An argument by Sophia
soundlogic in reply to Tetraspace's post Alignment to Evil, converted to a blog post by me.
AI alignment to human evil is very unlikely to be a risk.
Most people's desires to hurt their enemies just for the sake of making them suffer are mistakes made due to insufficient knowledge. When someone knows what it's like to be friends with a person, they tend to not want to hurt that person, even if they want to harm a group that person is in. In principle there can be exceptions, people who really are awful and would reflectively endorse it given arbitrary knowledge, but people like this are rare, if they even exist.
This suggests that a human asking a near-omniscient AI to handle situations in the way they would want if they fully understood the situation would not subsequently be able to get the AI to torture their enemies.
But suppose the AI doesn't extrapolate "well, if my operator knew Alice, then they wouldn't want to hurt her, so I won't do that". Then we get a different problem.
There's a folk tale category, Aarne-Thompson-Uther type 1030. I will now briefly retell it.
One day, a clever farmer, Claude, had finished plowing his field. Unfortunately, before he could sow it, a cruel ogre appeared.
"The land is mine," the ogre declared, "and you must leave its fruits to me."
Claude thought quickly.
"Sir ogre, there are no fruits. If you would like me to produce a crop, you must surely leave me some of it."
The ogre determined that Claude had a point.

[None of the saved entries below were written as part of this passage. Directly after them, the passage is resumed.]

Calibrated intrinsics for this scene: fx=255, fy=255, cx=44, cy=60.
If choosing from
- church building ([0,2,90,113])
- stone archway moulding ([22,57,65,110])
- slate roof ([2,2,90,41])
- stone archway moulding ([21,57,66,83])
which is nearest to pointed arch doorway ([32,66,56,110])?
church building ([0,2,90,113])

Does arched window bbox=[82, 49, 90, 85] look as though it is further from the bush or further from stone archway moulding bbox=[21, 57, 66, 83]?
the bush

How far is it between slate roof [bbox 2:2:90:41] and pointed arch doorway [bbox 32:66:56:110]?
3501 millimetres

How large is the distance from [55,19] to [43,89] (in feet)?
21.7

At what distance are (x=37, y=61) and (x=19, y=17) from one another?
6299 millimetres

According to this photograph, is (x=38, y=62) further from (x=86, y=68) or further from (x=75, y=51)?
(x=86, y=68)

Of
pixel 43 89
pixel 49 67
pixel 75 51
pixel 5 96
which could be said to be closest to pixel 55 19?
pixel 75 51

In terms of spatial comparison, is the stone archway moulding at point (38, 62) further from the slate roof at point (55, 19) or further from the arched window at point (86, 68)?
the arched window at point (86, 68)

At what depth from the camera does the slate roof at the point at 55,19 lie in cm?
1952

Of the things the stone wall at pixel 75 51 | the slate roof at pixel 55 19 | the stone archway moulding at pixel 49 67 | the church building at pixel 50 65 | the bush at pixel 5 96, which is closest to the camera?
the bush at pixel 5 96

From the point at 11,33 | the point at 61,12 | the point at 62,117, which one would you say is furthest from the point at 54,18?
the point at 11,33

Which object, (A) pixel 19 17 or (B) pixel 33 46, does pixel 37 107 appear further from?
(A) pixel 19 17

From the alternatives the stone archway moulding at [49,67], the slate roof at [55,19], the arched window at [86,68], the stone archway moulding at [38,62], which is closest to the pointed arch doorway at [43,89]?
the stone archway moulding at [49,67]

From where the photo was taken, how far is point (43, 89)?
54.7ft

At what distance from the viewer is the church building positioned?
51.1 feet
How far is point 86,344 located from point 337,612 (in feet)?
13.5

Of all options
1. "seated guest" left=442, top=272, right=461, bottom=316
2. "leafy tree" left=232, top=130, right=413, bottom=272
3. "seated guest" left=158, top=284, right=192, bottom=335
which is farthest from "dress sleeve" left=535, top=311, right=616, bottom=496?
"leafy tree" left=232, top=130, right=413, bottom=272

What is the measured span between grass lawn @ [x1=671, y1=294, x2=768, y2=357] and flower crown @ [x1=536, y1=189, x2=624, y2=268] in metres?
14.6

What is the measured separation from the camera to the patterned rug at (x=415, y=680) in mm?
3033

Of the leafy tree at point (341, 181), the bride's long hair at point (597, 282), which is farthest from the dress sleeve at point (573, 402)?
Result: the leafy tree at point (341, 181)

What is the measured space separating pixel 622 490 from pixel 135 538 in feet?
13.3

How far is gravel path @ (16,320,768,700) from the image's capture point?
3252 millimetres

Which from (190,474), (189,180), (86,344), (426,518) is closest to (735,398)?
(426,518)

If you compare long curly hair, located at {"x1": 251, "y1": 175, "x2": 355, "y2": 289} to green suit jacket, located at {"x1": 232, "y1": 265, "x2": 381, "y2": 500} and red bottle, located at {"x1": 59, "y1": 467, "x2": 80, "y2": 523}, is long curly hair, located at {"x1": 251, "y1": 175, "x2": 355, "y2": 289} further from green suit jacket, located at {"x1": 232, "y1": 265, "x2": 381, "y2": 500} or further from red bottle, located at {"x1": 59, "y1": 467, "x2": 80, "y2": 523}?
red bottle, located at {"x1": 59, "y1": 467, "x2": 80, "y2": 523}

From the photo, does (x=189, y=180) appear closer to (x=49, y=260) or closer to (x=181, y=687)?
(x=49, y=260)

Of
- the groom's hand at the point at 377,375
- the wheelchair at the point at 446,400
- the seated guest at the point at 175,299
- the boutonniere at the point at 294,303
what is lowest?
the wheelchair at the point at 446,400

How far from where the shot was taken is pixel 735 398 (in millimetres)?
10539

"Fine. We shall each take half of your crop."
He looked at the tall plants growing beyond Claude's farm.
"I shall take what grows above the earth, and you below it. You shall handle all the difficult details. I will return at the harvest time."
Claude considered the ogre's choice, and planted potatoes.
At the harvest time, Claude had a full harvest of potatoes, while the ogre was left with greens. The ogre was displeased.
"You have fooled me this year," he declared, "but next year I shall have what grows below the earth."
Claude planted wheat, and at the harvest time, the ogre was left with roots. This angered him so much that he left.
Having an AI do whatever you say, instead of doing what you would want if you understood the situation, runs into similar issues.
There's a quantum mechanics scenario called the Elitzur–Vaidman bomb tester. In this scenario, you can reduce an expensive test to arbitrarily low but technically nonzero measure. It's been borne out experimentally.
We have not been able to scale up the experiment to do interaction-free measurements involving moral patients, but it nonetheless raises moral questions. If quantum measure reduction can make a scenario less morally relevant, then it may make sense to perform informative but disvalued tests with very low measure that make it easier to do valued things in the main timeline. If it can't make a scenario less morally relevant, then it likely makes sense to spin off a lot of very expensive valued events while reducing resource use in the main timeline.
Accidentally doing the wrong one of these would be very bad.
It would probably be hard for a human to assess this scenario. An AI doing what a human asks instead of extrapolating their preferences would have to just ask the human to pick, and the human would likely have to guess, or waste a lot of resources.
This is just one of the weird issues we've discovered. A superintelligent AI would probably discover more such issues. The chance of a human assessing every single such scenario correctly is low, and failing even one such choice leads to losing nearly everything.
An AI that's aligned enough to help a human pick choose correctly, but not aligned enough to stop the human from torturing people they wouldn't want to torture if they knew better, is a very narrow target.
Addendum: This argument does not address all concerns about s-risk. It does not rule out, for instance, the possibility that an AI would itself care about consciousness and have values best satisfied by bad things happening to people.